Both cores were fabricated in 45 nm SOI-CMOS and contain 256 neurons. One core contains 262,144 programmable synapses and the other contains 65,536 learning synapses. The IBM team has successfully demonstrated simple applications like navigation, machine vision, pattern recognition, associative memory and classification. IBM’s overarching cognitive computing
architecture is an on-chip network of light-weight cores, creating a single integrated system of hardware and software. This architecture represents a critical shift away from traditional von Neumann computing to a potentially more power-efficient architecture that has no set programming, integrates memory with processor, and mimics the brain’s event-driven, distributed and parallel processing. IBM’s long-term goal is to build a chip system with ten billion neurons and hundred trillion synapses, while consuming merely one kilowatt of power and occupying less than two litres of volume. Future chips will be able to ingest
information from complex, real-world environments through multiple sensory modes and act through multiple motor modes in a coordinated, context-dependent manner. For example, a cognitive computing system monitoring the world’s water supply could contain a network of sensors and actuators that constantly record and report metrics such as temperature, pressure, wave height, acoustics and ocean tide, and issue tsunami warnings based on its decision making. Similarly, a grocer stocking shelves could use an instrumented glove that monitors sights, smells, texture and temperature to flag bad or contaminated produce. Making sense of real-time input flowing at an ever-dizzying rate would be a Herculean task for today’s computers, but would be natural for a brain- inspired system. “Imagine traffic lights that can integrate sights, sounds and smells and flag unsafe intersections before disaster happens or imagine cognitive co-
processors that turn servers, laptops, tablets, and phones into machines that can interact better with their environments,” said Dr. Modha. For Phase 2 of SyNAPSE, IBM has assembled a world-class multi-dimensional team of researchers and collaborators to achieve these ambitious goals. The team includes Columbia University; Cornell University; University of California, Merced; and University of Wisconsin, Madison.
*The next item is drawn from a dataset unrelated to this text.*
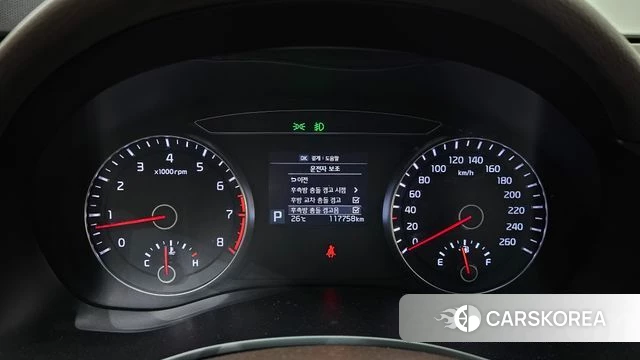 Kia Come New K7 id 4286368 из Кореи 31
IBM has a rich history in the area of artificial
intelligence research going all the way back to 1956 when IBM performed the world’s first large-scale (512 neuron) cortical simulation. Most recently, IBM Research scientists created Watson, an analytical computing system that specializes in understanding natural human language and provides specific answers to complex questions at rapid speeds. Watson represents a tremendous breakthrough in computers understanding natural language, “real language” that is not specially designed or encoded just for computers, but language that humans use to naturally capture and communicate knowledge.
© 2011 Angel Business Communications. Permission required.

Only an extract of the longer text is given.